In the fall of 1941, just 30 days after Queen’s celebrated its centennial anniversary, a new student set foot on campus for the first time. It was the beginning of a relationship that is now entering its ninth decade.
Alfred Bader, BSc'45, BA'46, MSc'47, LLD'86: An unlikely benefactor
When Alfred Bader, arrived on campus on Nov. 15, 1941, no one could have imagined that he would go on to become the university’s most prolific benefactor.
In fact, Bader was anything but a typical Queen’s student. On his own after losing family in the Holocaust, the Vienna native was less than a year removed from a bat-infested internment camp in Fort Lennox, Quebec, reserved for “enemy aliens,” the result of a misunderstanding that turned a 16-year-old refugee into a prisoner of war.

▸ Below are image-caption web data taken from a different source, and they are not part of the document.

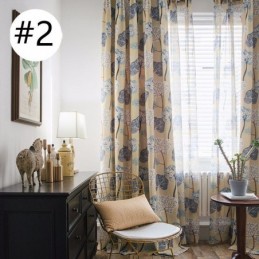 Modern Gordijn Op Maat Gemaakt Gordijn Katoen Print Bomen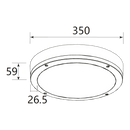 Hublots rond MARITE 275mm Blanc RAL 9016 4000K 18W 110° ON/OFF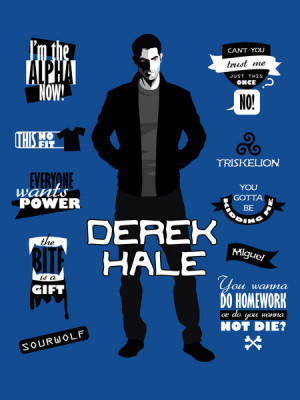 Derek Hale Quotes Teen Wolf Art Print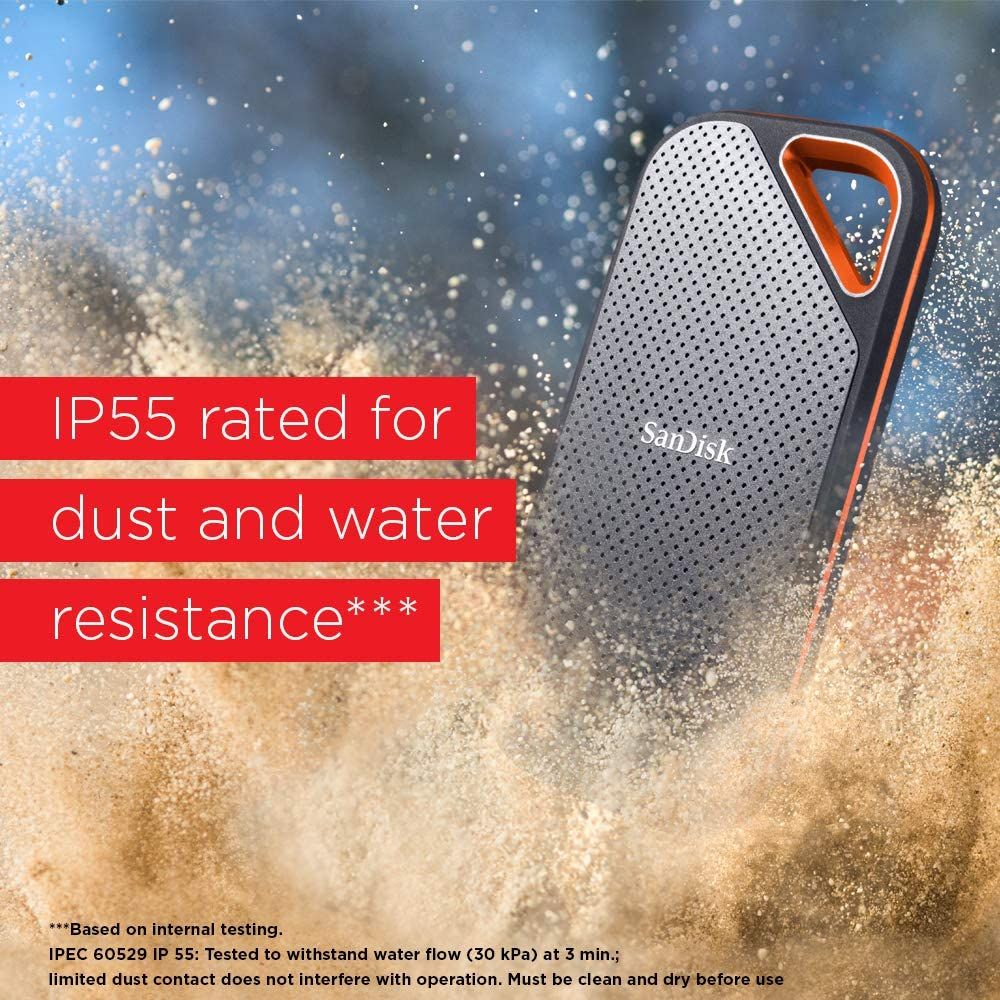 SanDisk Extreme PRO Portable SSD IP55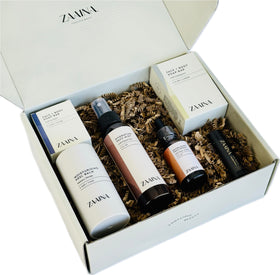 ZAAINA close-up of soap and glow serum texture highlighting natural ingredients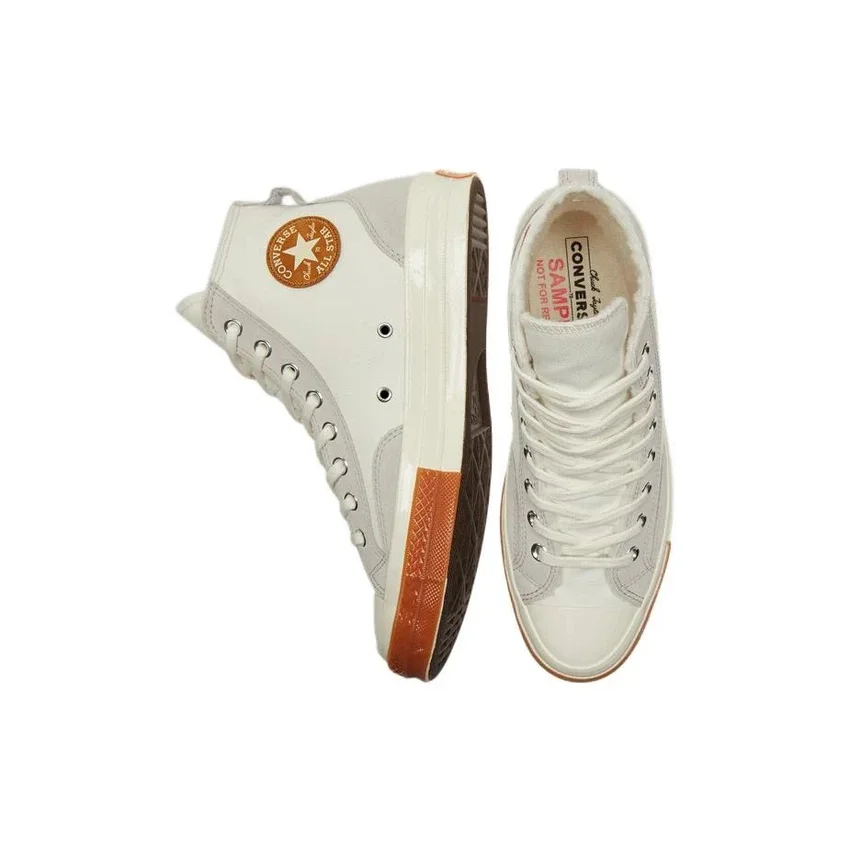 Chuck 70 High “Lined Colorblock – Vintage White Gum”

Martin Wolff, a German-Jewish journalist and historian living in Montreal, secured Alfred’s release from the camp, welcomed him into his family, and encouraged him to continue his education. When McGill and the University of Toronto turned down Alfred’s applications, he applied to Queen’s and was accepted immediately, despite the fact that the fall term had been underway for two months.
“Many of the professors and Registrar Jean Royce…treated me wonderfully – as an individual, not as POW #156,” he said. "This kindness brought me out of my shell."
Once he was out of his shell, Alfred flourished at Queen’s, making friends and winning awards for his research. He even won a public speaking scholarship for his performance with the Debating Society, which he joined as a joke, thinking his thick European accent would make him an ineffective debater.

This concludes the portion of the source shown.